Reversed in part and affirmed in part.

Judge WELLS concurs. Judge MARTIN concurs in part and dissents in part.





Concurrence in Part

Judge MARTIN

concurring in part and dissenting in part.

I concur in the decision of the majority to vacate the trial court’s award of attorney’s fees in favor of third-party defendant. However, I must respectfully dissent from the majority’s decision to uphold the award of Rule 11 sanctions against Philip R. Hedrick, counsel for defendant and third party plaintiff.
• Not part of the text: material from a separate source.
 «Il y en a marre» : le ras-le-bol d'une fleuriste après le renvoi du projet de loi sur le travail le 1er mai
The trial court concluded that the third-party complaint was not well grounded in law or in fact, that Hedrick’s conduct in researching and filing the pleading was not objectively reasonable, and that the pleading was filed for an improper purpose. In my view, neither the trial court’s findings of fact nor a sufficiency of the evidence support these conclusions. See Turner v. Duke University, 325 N.C. 152, 381 S.E.2d 706 (1989), (de novo review of decision with respect to the imposition of sanctions requires determination of whether trial court’s conclusions of law support its decision, whether the conclusions of law are supported by the findings of fact, and whether the findings of fact are supported by sufficient evidence).
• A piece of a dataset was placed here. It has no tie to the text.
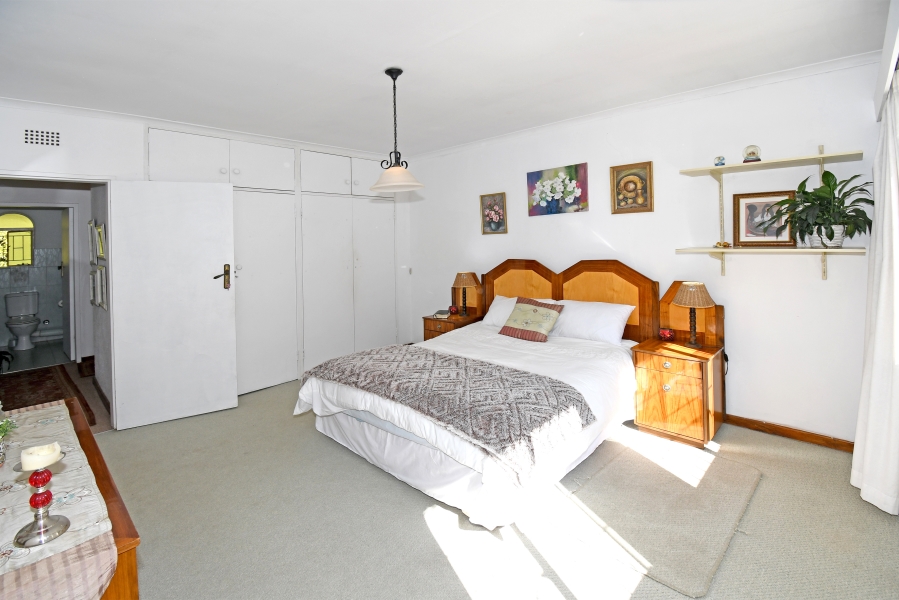6 Bedroom Property for Sale in Northcliff Gauteng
The third party complaint denied negligence on the part of defendant, alleged the third party defendant’s sole negligence as a bar to plaintiff’s recovery from defendant, and, alternatively, alleged that if defendant was negligent, the third party defendant was also negligent. Construed liberally as required by G.S. § 1A-1, Rule 8; Gore v. Ball, Inc., 279 N.C. 192, 182 S.E.2d 389 (1971), the third-party complaint was sufficient to allege sole negligence on the part of the third party defendant so as to support a claim for indemnity as well as an alternative claim for contribution based on concurring negligence. Thus, the third party complaint was warranted by the existing law as set forth in Clemmons v. King, *302265 N.C. 199, 143 S.E.2d 83 (1965). The factual information which had been previously developed through discovery was at least sufficient to provide a basis for the allegations. Thus, I am unable to say that Hedrick’s conduct in researching and filing this pleading was objectively unreasonable.
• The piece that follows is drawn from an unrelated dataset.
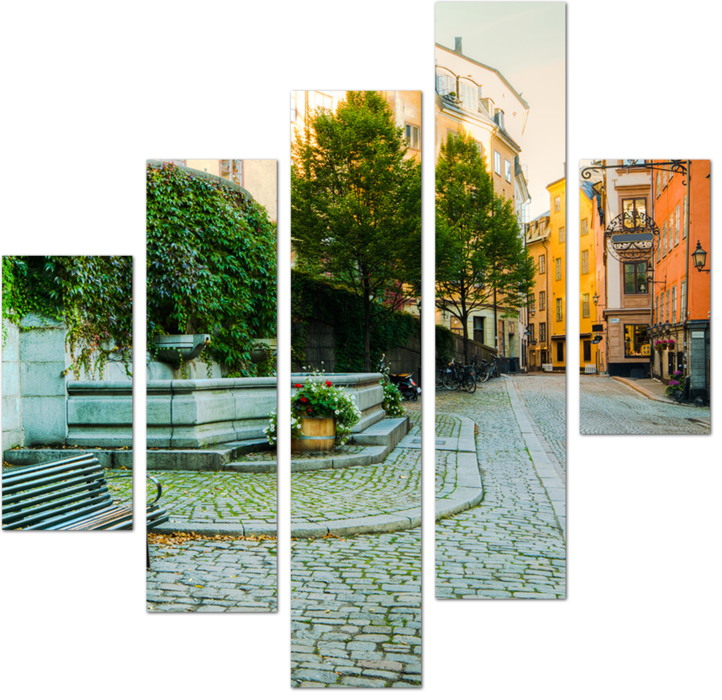 Вид на улицу старого города в Стокгольме. Швеция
Nor can I agree with the majority that the evidence leads to the “inescapable conclusion” that the filing of the third-party complaint was for an improper purpose. The totality of the circumstances in this case does not infer the objectively strong level of improper conduct on Hedrick’s part intended to be punished by Rule 11 sanctions. Mack v. Moore, 107 N.C. App. 87, 418 S.E.2d 685 (1992). The third party complaint was filed within the time by which the trial court ordered the pleadings to be closed. While the filing of the pleading may have contributed to a delay in the trial, it was not the only reason for the delay. Plaintiff requested the continuance partly because of the filing of the third party complaint and partly because he was continuing to receive treatment for injuries sustained in the accident and was to obtain an additional medical examination which could not be completed before the scheduled trial date. It is significant that plaintiff has never objected to the filing of the third party complaint nor has he alleged that he was delayed, harassed, or occasioned any additional expense of litigation by reason thereof.

Because I believe that Rule 11 sanctions were improperly awarded against Philip R. Hedrick, I dissent from that portion of the majority opinion upholding the award.